1. The suit which has given rise to this appeal was brought by the plaintiffs appellants for a declaration that a sale-deed executed by their brother Gopal Das in favour of the first defendant, Mihin Lal, on the 4th of January, 1910, was null and void and not binding on them. They allege that the property comprised in the sale belongs to the joint family, of which they, Gopal Das, their father Hoti Lal, and their grandfather Parbhu Lal, were members, and that Gopal Das had no authority to sell it without the concurrence of the plaintiffs. They further allege that the first defendant induced Gopal Das to make the sale by practising a fraud upon him and did not pay the amount which purported to be the consideration for the sale.
2. The court below has found against the plaintiffs. It was of opinion that Gopal Das was the manager of the family and that he sold the property in order to raise money to meet the expenses of the marriage of the sister of himself and the plaintiffs and to carry on a shop which jointly belonged to him and the plaintiffs. That court dismissed the suit.
3. It is contended on behalf of the plaintiffs that Gopal Das was not their legal guardian and was not competent to sell the property on their behalf. Gopal Das purports to have executed the sale-deed of the 4th of January, 1910, as guardian of his minor brothers and also as manager and head of the joint family of which he and his brothers were members. It is true that Gopal Das was not the legal guardian of the plaintiffs, but if he was the manager of the joint property which belonged to him and his brothers and the transaction was for the benefit of the plaintiffs, it is binding on them. The law on the subject is thus stated in Mayne's Hindu Law, VII edition, p, 225: 'Where the act is done by a person who is not his guardian, but who is the manager of the estate in which he has an interest, he will equally be bound, if under the circumstances the step taken was necessary, proper or prudent.' This is in accordance with the ruling of their Lordahips of the Privy Council in the well-known case of Hanoomanpersaud Panday v. Hunraj Koonweree (1856) 6 Moo. I A 393 (412). That no doubt was a case of a mortgage, but the principle equally applies to the case of a sale ; See Mokanund Mondul v. Nafur Mondul (1899) I. L. R.' 26 Cale. 820.
4. [Alter discussing the evidence in the case, the judgment thus continues: ]

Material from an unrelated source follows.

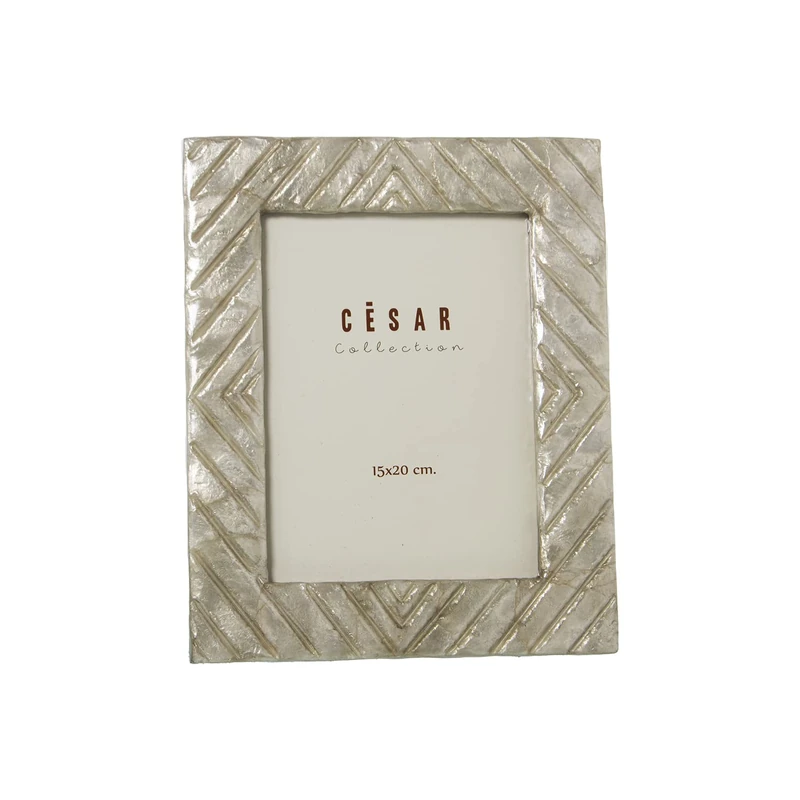 Photo frame Nácar 15 x 20 cm Rombos Gris Claro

5. The learned Subordinate Judge has come to the conclusion that the consideration for the sale, which far exceeded the amount for which the property had been purchased, was actually received and applied partly towards the expenses of the marriage of the sister and partly in carrying on this shop. We see no reason to differ from this conclusion, but are on the contrary satisfied that the evidence supports it. In this view, Gopal Das being the manager of the property and the sale being to the advantage of the plaintiffs also, it is binding on them.

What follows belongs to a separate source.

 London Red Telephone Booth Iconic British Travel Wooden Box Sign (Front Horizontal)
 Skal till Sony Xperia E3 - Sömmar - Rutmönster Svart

6. An argument was addressed to us to the effect that the property must be deemed to have been the joint property of Parbhu Lal and Hoti Lal, The lower court has found that it has not been proved that Parbhu Lal was interested in the property. We are not prepared to dissent from that conclusion. But even if it was joint property in which Parbhu Lal had an interest, since the sale was for valid purposes, it would attach to the interests of Parbhu Lal which came to Gopal Das and his brothers by right of survivorship.
7. We accordingly dismiss the appeal with costs.